Facebook GraphQL is one of the emerging (web) technologies, giving a new light on the future of web APIs. I'm not going to introduce it here - there is a plenty of articles on that subject, starting from official site. What I'm going to write about is one specific issue of GraphQL design, we've met when working on its F# implementation. But lets start from the beginning.

Designing with capabilities

The most important difference between REST APIs and GraphQL endpoints is an approach to exposing data and available actions to the API consumers.

In RESTful APIs we describe them quite vaguely, as there is no standard approach here, and REST itself is more kind of a guidelines than natural rules. Of course some approaches to that have been already created (i.e. Swagger).

In general we expose our API as set of URLs (routes) which - when called with right set of input arguments and HTTP methods - will reply with the right data in the response.

Problem here is that eventually this always leads to epidemic growth of exposed routes, as we often need a little more (underfetching) or a little less (overfetching) fields than provided with endpoints exposed so far, but we don't want to end up making additional calls to complete missing data.

On the other hand, with GraphQL over- and under-fetching is almost never a problem. Reason for that is simple: instead of exposing endpoints aiming to reply to one particular query, we create a single endpoint an schema, which describes all data - with all possible relationships between entities - that is potentially accessible from corresponding service. Therefore you have all capabilities of your web service in one place.

So, where's the catch?

While all of that sounds simple and fun, the story behind that is a little more grim.

Lets consider a web service with some ORM and SQL-backed database - a quite common example nowadays. One of the well known problems with ORMs is their leaky abstraction. The one I'm going to write here about is known as N+1 SELECTs.

For those of you, who haven't heard of it: this is a common problem with almost all advanced ORMs, which happens when you haven't explicitly mentioned all fields, you're going to use, when sending query to a database. Once it has been executed and you're try to access a property, which has not been fetched from database, most "smart" ORMs will automagically send a subsequent query to retrieve missing data. If you're iterating over collection of those data objects, a new query will be send each time an (not fetched) field has been accessed.

How we solve this problem in RESTful API? Because we exactly know, what that is going to be returned from a route, we can simply tailor a logic able to retrieve all necessary data in a minimal number of queries.

And how about GraphQL? Well... you're fucked. There is no easy way to "tailor" a SQL query to match specific request, as an expected result set is highly dynamic, depending on the incoming GraphQL query string.

Of course, there are multiple approaches to solve this problem among many different implementations in multiple languages. Lets take a look at some of them.

Dedicated GraphQL-to-SQL library

Existing examples, I know about:

  • postgraph (node.js), which exposes PostgreSQL database schema into GraphQL, and is able to compile GraphQL queries into SQL.
  • GraphQL.NET (.NET), which translates GraphQL queries into LINQ.

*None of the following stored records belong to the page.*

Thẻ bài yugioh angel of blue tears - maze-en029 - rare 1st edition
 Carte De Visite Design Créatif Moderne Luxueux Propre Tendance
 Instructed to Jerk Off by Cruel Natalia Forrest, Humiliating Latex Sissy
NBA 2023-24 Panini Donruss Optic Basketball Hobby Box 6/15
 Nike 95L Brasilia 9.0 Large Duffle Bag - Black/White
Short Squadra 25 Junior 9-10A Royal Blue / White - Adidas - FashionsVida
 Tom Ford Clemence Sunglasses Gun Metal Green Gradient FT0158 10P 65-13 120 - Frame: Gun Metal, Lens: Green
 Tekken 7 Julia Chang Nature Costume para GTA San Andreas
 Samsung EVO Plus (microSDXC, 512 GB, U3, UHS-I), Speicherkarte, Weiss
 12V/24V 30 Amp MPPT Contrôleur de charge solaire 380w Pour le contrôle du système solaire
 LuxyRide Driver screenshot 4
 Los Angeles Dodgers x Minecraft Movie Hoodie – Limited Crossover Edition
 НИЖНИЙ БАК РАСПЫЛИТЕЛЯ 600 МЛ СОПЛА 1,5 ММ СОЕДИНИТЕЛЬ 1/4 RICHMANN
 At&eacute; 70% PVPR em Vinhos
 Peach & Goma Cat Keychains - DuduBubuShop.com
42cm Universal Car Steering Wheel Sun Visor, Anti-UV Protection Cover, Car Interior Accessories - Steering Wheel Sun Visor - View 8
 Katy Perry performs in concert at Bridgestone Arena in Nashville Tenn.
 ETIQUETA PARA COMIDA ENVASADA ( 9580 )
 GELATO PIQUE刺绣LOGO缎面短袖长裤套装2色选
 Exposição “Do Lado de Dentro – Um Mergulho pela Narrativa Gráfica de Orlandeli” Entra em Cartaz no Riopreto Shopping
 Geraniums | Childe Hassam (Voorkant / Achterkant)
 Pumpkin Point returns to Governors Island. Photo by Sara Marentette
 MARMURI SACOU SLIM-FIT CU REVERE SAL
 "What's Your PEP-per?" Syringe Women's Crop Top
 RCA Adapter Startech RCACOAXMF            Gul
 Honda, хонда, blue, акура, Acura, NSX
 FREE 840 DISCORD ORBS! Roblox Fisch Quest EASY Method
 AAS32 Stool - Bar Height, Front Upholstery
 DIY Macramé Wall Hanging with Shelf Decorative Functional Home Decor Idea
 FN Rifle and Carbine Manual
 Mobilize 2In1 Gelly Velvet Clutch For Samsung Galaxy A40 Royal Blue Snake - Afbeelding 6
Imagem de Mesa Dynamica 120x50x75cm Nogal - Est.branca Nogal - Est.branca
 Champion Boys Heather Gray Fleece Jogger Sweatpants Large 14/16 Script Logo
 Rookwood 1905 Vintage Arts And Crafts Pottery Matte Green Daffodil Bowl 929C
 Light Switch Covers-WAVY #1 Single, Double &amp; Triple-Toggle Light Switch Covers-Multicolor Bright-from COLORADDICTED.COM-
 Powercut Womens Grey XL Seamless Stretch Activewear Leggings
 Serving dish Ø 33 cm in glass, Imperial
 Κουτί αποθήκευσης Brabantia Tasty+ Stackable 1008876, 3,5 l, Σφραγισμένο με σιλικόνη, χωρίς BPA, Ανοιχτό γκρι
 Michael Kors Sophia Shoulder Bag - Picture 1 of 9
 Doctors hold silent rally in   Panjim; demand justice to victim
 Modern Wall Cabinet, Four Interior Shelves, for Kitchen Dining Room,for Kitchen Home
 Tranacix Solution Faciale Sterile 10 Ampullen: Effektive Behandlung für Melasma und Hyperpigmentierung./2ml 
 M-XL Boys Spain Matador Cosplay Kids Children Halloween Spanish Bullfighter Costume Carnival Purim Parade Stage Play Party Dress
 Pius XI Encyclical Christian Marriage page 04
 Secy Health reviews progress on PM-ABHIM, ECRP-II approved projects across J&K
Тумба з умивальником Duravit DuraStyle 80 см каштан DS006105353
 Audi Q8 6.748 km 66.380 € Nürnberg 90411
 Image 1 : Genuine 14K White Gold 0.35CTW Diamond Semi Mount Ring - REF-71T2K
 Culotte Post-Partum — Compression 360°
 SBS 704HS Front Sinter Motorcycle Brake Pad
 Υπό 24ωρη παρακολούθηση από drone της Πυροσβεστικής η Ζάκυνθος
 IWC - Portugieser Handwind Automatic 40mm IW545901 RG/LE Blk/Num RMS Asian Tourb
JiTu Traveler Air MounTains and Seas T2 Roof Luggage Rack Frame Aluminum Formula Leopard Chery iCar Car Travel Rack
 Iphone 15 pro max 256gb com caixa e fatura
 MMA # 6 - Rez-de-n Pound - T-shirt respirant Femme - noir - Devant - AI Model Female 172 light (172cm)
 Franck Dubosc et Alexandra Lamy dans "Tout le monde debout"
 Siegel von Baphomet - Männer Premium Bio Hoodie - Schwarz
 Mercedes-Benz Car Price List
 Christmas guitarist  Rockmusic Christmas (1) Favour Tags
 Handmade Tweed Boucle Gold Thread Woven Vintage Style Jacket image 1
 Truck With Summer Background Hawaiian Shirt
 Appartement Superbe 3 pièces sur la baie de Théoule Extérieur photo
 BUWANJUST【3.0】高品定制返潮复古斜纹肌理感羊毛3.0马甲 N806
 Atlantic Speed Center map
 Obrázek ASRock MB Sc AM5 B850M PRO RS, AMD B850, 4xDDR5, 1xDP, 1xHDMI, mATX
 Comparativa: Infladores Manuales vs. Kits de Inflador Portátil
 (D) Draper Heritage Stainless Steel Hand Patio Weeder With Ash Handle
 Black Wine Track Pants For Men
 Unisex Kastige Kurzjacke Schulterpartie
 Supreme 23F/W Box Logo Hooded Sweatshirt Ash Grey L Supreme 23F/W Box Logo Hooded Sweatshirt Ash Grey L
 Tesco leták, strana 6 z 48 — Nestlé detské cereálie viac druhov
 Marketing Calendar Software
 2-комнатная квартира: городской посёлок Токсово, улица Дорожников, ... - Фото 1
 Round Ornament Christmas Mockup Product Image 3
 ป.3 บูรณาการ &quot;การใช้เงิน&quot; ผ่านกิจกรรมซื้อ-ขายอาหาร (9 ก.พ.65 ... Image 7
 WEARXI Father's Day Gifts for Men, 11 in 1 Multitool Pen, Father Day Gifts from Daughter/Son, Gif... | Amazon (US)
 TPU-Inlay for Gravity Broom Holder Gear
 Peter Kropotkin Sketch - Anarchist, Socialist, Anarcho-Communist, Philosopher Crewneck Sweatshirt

Both of them have the same problems:

  • They specialize in translating one query language to another. This solves only a subset of problems. What if you need to merge response from database with a call to/from another web service?
  • They may usually introduce tight coupling between your Data Access Layer (or even database schema itself) and the model exposed on the endpoint.
  • They are separate libraries, usually hardly compatible with other, more general, GraphQL implementations.

Throttling and batching queries

Second kind - introduced in Ruby implementation - digs into backend of the ORM itself. What it did was splitting DB query execution into small timeframes. Therefore instead of immediate SQL query execution, we batch all requests within, lets say 10ms time frame, and execute them at once.

I won't cover that idea in detail, as it's more like the feature of underlying database provider than an application server implementation itself. Beside it feels a little hacky solution too ;)

Can we do more?

One of the major problems here is an interpretation of incoming GraphQL query. While most of the implementations expose info about things such as AST of the executed query and schema itself, usually that data is not correlated in any way.

In the FSharp.Data.GraphQL, we have created something called execution plan - it's an intermediate representation of GraphQL query, which includes things like inlining query fragment's fields and correlating them with schema and type system.

To show this on an example- lets say we have following type system described in our schema:

schema { query: Query }

type Query {
    users: [User!]
}

type User {
    id: ID!
    info: UserInfo!
    contacts: [UserInfo!]
}

type UserInfo {
    firstName: String
    lastName: String
}

And we want to execute a query, which looks like this:

query Example {
    users {
        id
        ...fname
        contacts {
            ...fname
        }
    }
}

fragment fname on UserInfo {
    firstName
}

How an execution plan for that query looks like?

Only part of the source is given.